Markets were relatively quiet as many European and Asian markets were closed in honor of Easter. Bloomberg reported that volume was about 23% below its 30-day moving average. Equites were led nominally lower by the technologies under the prospect of another rate hike, amplified by the headlines that AAPL reported personal computer shipments fell sharply during the quarter.
It is largely accepted that March’s employment report provided no hurdle for the Fed to increase rates another 25 bps in May, although this week’s inflation data can impact any potential decision. At the time of this writing, the market is suggesting an 80% probability the overnight rate will increase to 5.0% to 5.25% on May 3.
The labor market has remained surprisingly robust despite the cumulative global policy tightening in place. The unexpected is consistently occurring.
Changing topics, it appears most are sanguine regarding geopolitical risks. Will this complacency be shattered as it appears there is danger in many corners of the world?
It is widely accepted, a distracted Executive Branch encourages our adversaries to become more emboldened.
The speed of the collapse of yesterday’s multipolar/interdependent world is frightening. Did yesterday’s economic codependency create an era of peace or is/was this just an illusion? A major issue at hand is many market participants have not lived in a war like setting.

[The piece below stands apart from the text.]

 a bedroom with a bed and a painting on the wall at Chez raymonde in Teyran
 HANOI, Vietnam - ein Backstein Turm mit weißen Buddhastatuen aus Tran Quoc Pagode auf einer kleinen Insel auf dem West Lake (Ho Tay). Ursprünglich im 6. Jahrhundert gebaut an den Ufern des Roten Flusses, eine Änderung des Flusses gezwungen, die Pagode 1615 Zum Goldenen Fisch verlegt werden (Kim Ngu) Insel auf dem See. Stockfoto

Twenty-five to thirty years ago the buzz word was “peace dividend.”
Today a strong argument can be made that trade has been weaponized; the east has weaponized production and the west has weaponized banking and the payment of funds.
The collapse of this world will create an infinite number of possible outcomes, with perhaps the most immediate is higher interest rates, labor and production costs.
What will happen today?
Last night the foreign markets were up. London was up 0.28%, Paris up 0.87% and Frankfurt up 0.51%. China was down 0.05%, Japan up 1.05%, and Hang Seng up 0.76%. Dow and NASDAQ futures are up 0.15% and down 0.15%, respectively ahead of tomorrow’s inflation data. The 10-year is up 5/32 to yield 3.41%.